Shari Jones was suiting up for the Maryland Terrapins and the Montgomery field hockey team, her former high school squad, was off to a rocky start.
The Cougars were 0-2-1 and struggling to find an identity without Jones – their star performer from last year’s school-record 15-win season – who now plays for one of America’s premier Division I field hockey programs.
So, head coach Tiffany Trockenbrod addressed her team – and they’ve certainly responded.
“I told them, at one point, that the biggest challenge would be learning how to come together without Shari, who we had last year and went on to play at the University of Maryland,” Trockenbrod said. “I think they really took that to heart and I feel like we’re playing more as a team.”
That team reeled of six straight wins, all by shutout, before falling last Thursday in a 1-0 nail-biter to top-notch Warren Hills (8-1). During Montgomery’s six-game winning spree, the Cougars (6-3-1) outscored their competition an astounding 21-0.
If anyone has stepped up and filled the shoes of Jones, it’s been senior Erica Hrudowsky. Last season, Hrudowsky led Montgomery in scoring, but her game worked off Jones’. This year, Hrudowsky has become more assertive and well-rounded – sacrifices made to help Montgomery crawl out of its funk and realize its new game plan.
“Last year, I really relied on Shari hitting the ball up to me and then I did whatever I had to do,” Hrudowsky said. “This year, I’ve had to play more defense than offense and I’ve had to come back a lot.

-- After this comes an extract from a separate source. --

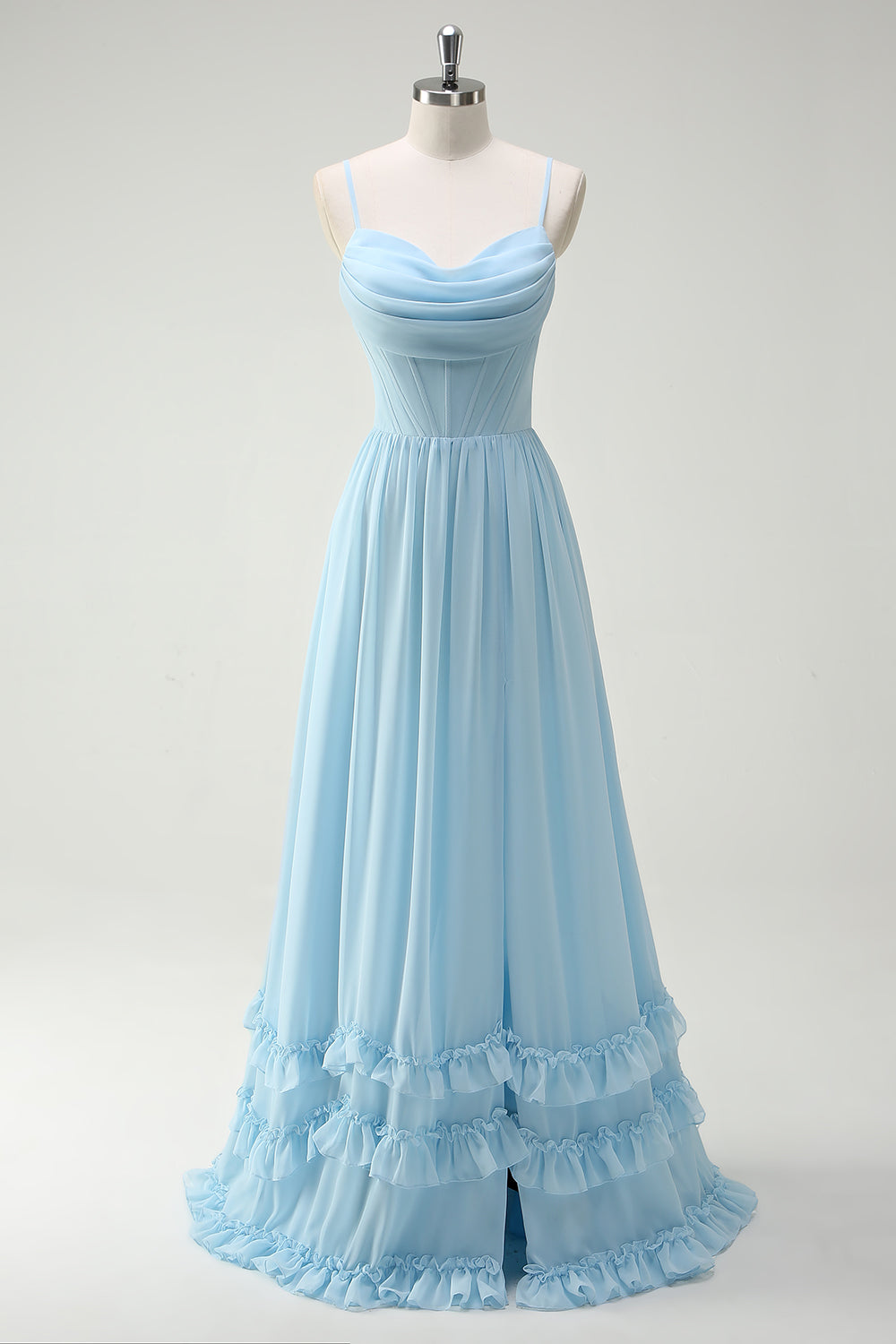 Robe de demoiselle d'honneur longue à bretelles spaghetti et imprimé floral vert avec fente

And I’ve had to take more possession of the ball, which I wasn’t really used to last year.”
Hrudowsky leads the Cougars in goals (8) and assists (5), while senior Natalie Colonna has been a key cog in the turnaround with five scores on the season, and goalie Kiran Sunduram has been nearly lights out.
Adjusting to life without Jones took time, but Montgomery seems to have found itself.
“She (Jones) was a really, really big part of our team and she controlled the pace of our game,” Hrudowsky said. “It’s not the same without her, but I think everyone did a good job of taking on a new role.”
And Trockenbrod sees the difference. “In our first two losses, the kids didn’t play together – I don’t know if they knew how to at that point,” she said. “Now, I feel like we’ve started coming together.”